A pharmacophore model for dopamine D4 receptor antagonists

Abstract

A pharmacophore model for dopamine D4 antagonists has been developed on the basis of a previously reported dopamine D2 model. By using exhaustive conformational analyses (MM3* force field and the GB/SA hydration model) and least-squares molecular superimposition studies, a set of eighteen structurally diverse high affinity D4 antagonists have successfully been accommodated in the D4 pharmacophore model. Enantioselectivities may be rationalized by conformational energies required for the enantiomers to adopt their proposed bioactive conformations. The pharmacophore models for antagonists at the D4 and D2 receptor subtypes have been compared in order to get insight into molecular properties of importance for D2/D4 receptor selectivity. It is concluded that the bioactive conformations of antagonists at the two receptor subtypes are essentially identical. Receptor essential volumes previously identified for the D2 receptor are shown to be present also in the D4 receptor.
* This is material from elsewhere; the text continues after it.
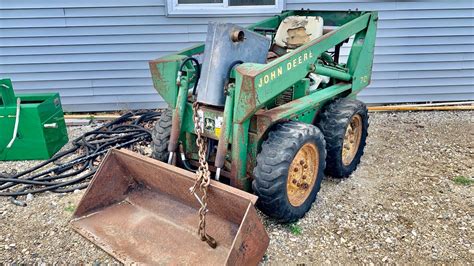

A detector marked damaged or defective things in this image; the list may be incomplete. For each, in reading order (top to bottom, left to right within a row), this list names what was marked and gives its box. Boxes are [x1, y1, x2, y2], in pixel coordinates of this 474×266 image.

rusty bucket attachment [71, 149, 270, 264]
rust on bucket [71, 150, 270, 264]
In addition, a novel receptor essential volume in the D4 receptor, not present in the D2 receptor, has been identified. This feature may be exploited for the design of D4 selective antagonists. However, it is concluded that the major determinant for D2/D4 selectivity is the nature of the interactions between the receptor and aromatic ring systems. The effects of the electronic properties of these ring systems on the affinities for the two receptor subtypes differ substantially.